# repower....winterized vs non winterized



## nwcove (Mar 2, 2015)

other than the heater box and no air filter on snow blower engines, are there any differences between "summer and winter" engines?


----------



## Zavie (Sep 23, 2014)

Hi Nwcove, I'm not expert on repowers but I think the others will chime in that usually the jet has to be changed or adjusted to allow for the colder conditions of winter operation.


----------



## CarlB (Jan 2, 2011)

I can't think of any thing else other than either opening up the main jet some or replacing it. Shrouding of the linkage under the gas tank on Honda Clones can help it from freezing up, especially when blowing powder in very cold temps.


----------



## scrappy (Dec 7, 2014)

Some winterized engines have shrouding around the recoil pull start to keep snow from freezing the rope.


----------



## GustoGuy (Nov 19, 2012)

CarlB said:


> I can't think of any thing else other than either opening up the main jet some or replacing it. Shrouding of the linkage under the gas tank on Honda Clones can help it from freezing up, especially when blowing powder in very cold temps.

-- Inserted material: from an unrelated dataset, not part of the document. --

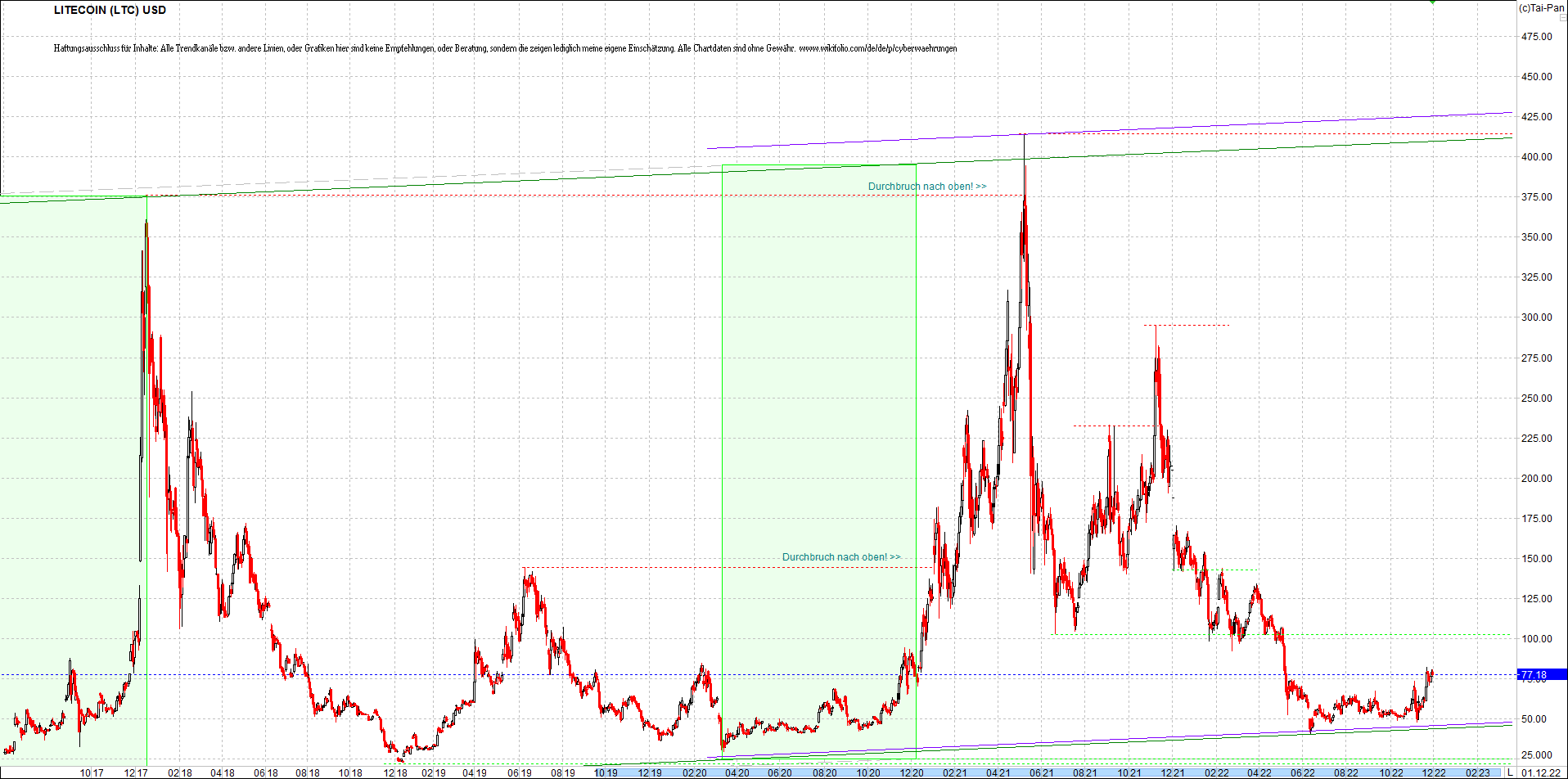 litecoin_(ltc)_chart_heute_morgen.png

Actually the average humidity is rather low in the winter almost desert like dryness. However once in a while you can have the dew point very high and this usually occurs when the Temps are just below freezing. So it is possible for ice to form on the venturi of the carburetor. Having a shroud to collect heat of the muffler warms the incoming air enough to prevent this icing from occurring. Many small planes are equipped with heater shrouds to prevent carburetor icing.


----------



## Rob711 (Feb 5, 2015)

I did nothing to my 212cc predator(Honda clone). It ran great for me, I can see how the linkage could get iced, haven't addressed that yet. I've seen some pics with sheet metal housings over the muffler and carb. Just got a new fridge so I may cut a piece of metal out of my old one to play with. 
I learned from this forum there's someone making adjustable jets for the engine, I may get one of those but like I said mine ran great, if it starts to run bad I think giving it a bit of choke will fix it. 
Rob


----------



## GustoGuy (Nov 19, 2012)

Rob711 said:


> I did nothing to my 212cc predator(Honda clone). It ran great for me, I can see how the linkage could get iced, haven't addressed that yet. I've seen some pics with sheet metal housings over the muffler and carb. Just got a new fridge so I may cut a piece of metal out of my old one to play with.
> I learned from this forum there's someone making adjustable jets for the engine, I may get one of those but like I said mine ran great, if it starts to run bad I think giving it a bit of choke will fix it.
> Rob


I made a shroud out of aluminum metal sheet to keep snow and Ice out of the linkage area under the gas tank. It has been 2 years and I have never had a problem so It must be working. I did not make a heater box for either blower and I have had no problems


----------



## nwcove (Mar 2, 2015)

do you repower guys run the air filters ?


----------



## YSHSfan (Jun 25, 2014)

nwcove said:


> do you repower guys run the air filters ?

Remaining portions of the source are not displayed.